**Task details:** When a line below contains the string "Flat", show that line.

(Stored items from a collection)
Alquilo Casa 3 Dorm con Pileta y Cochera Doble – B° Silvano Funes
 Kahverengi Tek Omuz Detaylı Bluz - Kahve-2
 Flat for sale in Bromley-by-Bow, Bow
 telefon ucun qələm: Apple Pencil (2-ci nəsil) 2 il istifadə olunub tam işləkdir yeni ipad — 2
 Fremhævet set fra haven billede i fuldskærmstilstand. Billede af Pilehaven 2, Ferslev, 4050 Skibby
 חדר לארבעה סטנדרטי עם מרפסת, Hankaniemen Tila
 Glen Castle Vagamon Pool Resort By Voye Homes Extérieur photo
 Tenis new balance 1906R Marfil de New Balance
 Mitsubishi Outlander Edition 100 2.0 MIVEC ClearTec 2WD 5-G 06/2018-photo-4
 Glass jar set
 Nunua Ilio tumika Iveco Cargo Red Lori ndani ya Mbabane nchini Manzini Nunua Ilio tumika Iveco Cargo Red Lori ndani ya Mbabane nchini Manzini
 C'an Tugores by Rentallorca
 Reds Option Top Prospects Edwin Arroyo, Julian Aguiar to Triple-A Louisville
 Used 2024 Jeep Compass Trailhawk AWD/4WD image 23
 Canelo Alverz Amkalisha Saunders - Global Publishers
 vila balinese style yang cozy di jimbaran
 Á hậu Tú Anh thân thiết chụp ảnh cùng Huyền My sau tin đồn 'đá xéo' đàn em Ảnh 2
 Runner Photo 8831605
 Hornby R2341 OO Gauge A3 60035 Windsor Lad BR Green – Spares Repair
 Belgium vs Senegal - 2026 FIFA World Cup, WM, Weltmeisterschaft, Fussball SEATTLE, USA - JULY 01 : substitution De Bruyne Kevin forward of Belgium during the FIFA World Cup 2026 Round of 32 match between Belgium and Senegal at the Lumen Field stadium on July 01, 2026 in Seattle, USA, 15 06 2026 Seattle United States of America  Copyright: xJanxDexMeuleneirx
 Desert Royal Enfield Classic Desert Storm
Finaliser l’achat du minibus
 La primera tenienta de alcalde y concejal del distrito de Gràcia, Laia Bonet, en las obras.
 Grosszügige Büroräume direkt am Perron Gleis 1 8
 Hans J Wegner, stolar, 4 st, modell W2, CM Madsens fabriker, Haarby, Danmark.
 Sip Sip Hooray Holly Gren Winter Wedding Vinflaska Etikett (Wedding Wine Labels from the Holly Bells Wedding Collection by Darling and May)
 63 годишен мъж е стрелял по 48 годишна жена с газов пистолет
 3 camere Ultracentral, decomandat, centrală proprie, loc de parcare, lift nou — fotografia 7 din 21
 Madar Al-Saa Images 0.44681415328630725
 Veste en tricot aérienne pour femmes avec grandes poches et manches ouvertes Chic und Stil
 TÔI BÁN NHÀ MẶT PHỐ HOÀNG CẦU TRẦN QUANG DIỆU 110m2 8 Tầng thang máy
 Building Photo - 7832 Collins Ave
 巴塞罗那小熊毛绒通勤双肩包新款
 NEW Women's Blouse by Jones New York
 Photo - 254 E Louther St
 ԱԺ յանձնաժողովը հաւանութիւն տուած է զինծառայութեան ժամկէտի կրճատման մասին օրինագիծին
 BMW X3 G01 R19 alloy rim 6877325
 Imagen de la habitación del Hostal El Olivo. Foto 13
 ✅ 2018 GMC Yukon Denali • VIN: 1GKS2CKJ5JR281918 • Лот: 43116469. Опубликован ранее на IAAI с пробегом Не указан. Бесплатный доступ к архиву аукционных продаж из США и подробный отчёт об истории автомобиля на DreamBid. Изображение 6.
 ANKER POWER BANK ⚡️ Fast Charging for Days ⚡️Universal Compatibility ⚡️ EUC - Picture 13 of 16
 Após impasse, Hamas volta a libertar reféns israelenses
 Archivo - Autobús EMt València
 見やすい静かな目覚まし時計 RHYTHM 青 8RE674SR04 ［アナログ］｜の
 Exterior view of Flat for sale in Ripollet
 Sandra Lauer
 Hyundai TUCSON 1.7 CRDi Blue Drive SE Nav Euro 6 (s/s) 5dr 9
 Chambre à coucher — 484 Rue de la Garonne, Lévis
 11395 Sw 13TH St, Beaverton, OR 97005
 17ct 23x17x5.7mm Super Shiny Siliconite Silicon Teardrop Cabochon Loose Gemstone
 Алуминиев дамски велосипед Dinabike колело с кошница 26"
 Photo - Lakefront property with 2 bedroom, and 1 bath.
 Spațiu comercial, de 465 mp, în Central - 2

**Response to this exercise:**
 Flat for sale in Bromley-by-Bow, Bow
 Exterior view of Flat for sale in Ripollet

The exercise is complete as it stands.